I looked at him. “My friend’s game?”
“Jamie Bircher. You introduced me to him once a long time ago. At Marina Blue.”
“Purchase, do you mean? Jamie Purchase?”
“Yeah. An internist or something?”
“You played poker with him last night?”
“Well, don’t sound so shocked, Matt. It’s perfectly legal, you know.”
“Yes, I know, I just...”
“Didn’t remember me from a hole in the wall. Shook hands, how do you do, Mr. Goldman, sat down and started counting his chips.” Mark shrugged. “Hell with him,” he said.
“I don’t understand,” I said. “Are you a regular in the game?”
“No, no, a friend of mine called yesterday afternoon — ten minutes before Eileen did, as a matter of fact. Art Kramer, do you know him?

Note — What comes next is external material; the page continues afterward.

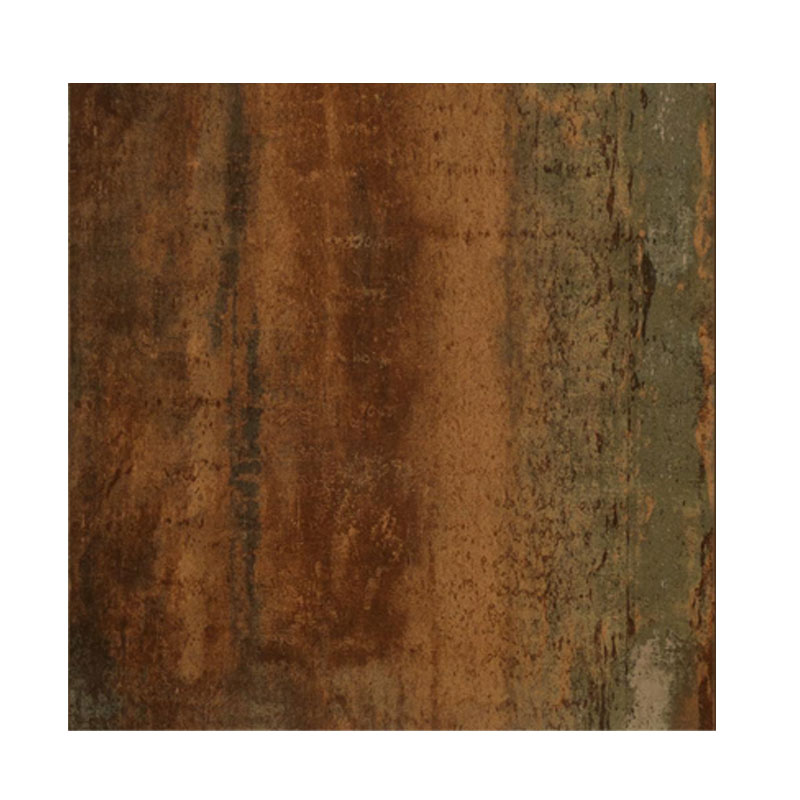 Revigres Copper Feinsteinzeug Bodenfliese 60 x 60 cm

He sells real estate out on Whisper.”
“No, I don’t know him.”
“Two of his players had dropped out, he asked if I’d do him a favor and play. I played in the game once a long time ago. I didn’t much like it, so I never went back. They don’t play any wild games, just five-card draw or seven-card... do you play poker?”
“Yes.”
“Art doesn’t. Not really. He loves the game, but he can’t play it to save his ass. You know how much he lost last night?”
“How much?”
“Forty dollars. I know that doesn’t sound like much, but these guys play for nickels and dimes. Your friend walked out with a bundle.”
“My friend?”
“Tell me, Matt, has your tennis elbow moved up into your ear?”

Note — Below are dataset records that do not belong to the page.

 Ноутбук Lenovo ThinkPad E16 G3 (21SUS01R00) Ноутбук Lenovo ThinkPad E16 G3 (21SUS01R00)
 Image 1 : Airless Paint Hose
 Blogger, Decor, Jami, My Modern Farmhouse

“You mean Jamie Purchase?”
“Yes, your friend. Jamie Purchase your friend. Jamie Purchase the internist. Ask him to take a look at your ear, Matt.”
“You mean he won?”
“Yes. Very good, Matt. That’s exactly what I meant when I said he walked out with a bundle. He won. Excellent, Matt, you’re doing very—”
“No, wait a minute. He won? He won?”
“Must be an echo in this place,” Mark said. “Yes, he won. Or to put it yet another way, he won, yes. Cashed in his chips, said good night and walked out.”

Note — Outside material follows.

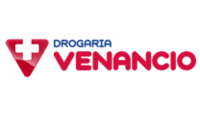 cupom de desconto drogaria venancio logo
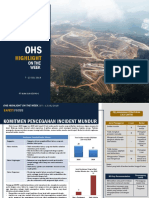 OHS Highlight Komitmen Pencegahan Incident Mundur-2 PDF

“Did he say why he was leaving?”
“He was tired, poor fellow. Said he had to go home and get some sleep.”
“He said he was going home?”
Mark looked at me. “I feel certain I’m speaking English,” he said, “but...”
“Mark, did he actually say he was going home?”
“Yes, he actually said he was going home. Not a very nice thing to do, Matt. You don’t walk out of a game when you’re winning. We played till one o’clock, but he’d already taken sixty bucks out of the game by eleven.”
“Is that when he left? Eleven?”
“A little before eleven, in fact.” Mark shook his head. “It wasn’t the first time, either. According to Art, your friend makes a habit of it.”
“Of what? Leaving the game early?”
“Yeah.”
“When he’s winning, do you mean?”
“Even when he’s losing. Art likes to have seven players in the game, keeps it lively. When somebody leaves the game early it changes the dynamics. I’ll bet Art tries to ease him out. He was mad as hell last night, I can tell you that.” Mark paused. “What’ll your friend do then? Without the poker game for his alibi?”
“Well... I don’t know what you mean.”
“Don’t you? It’s plain as day, Matt. Your friend’s got a little something going on the side. Listen, more power to him. But can’t he find a better alibi than a poker game? I mean, can’t he at least go perform an appendectomy every Sunday night?”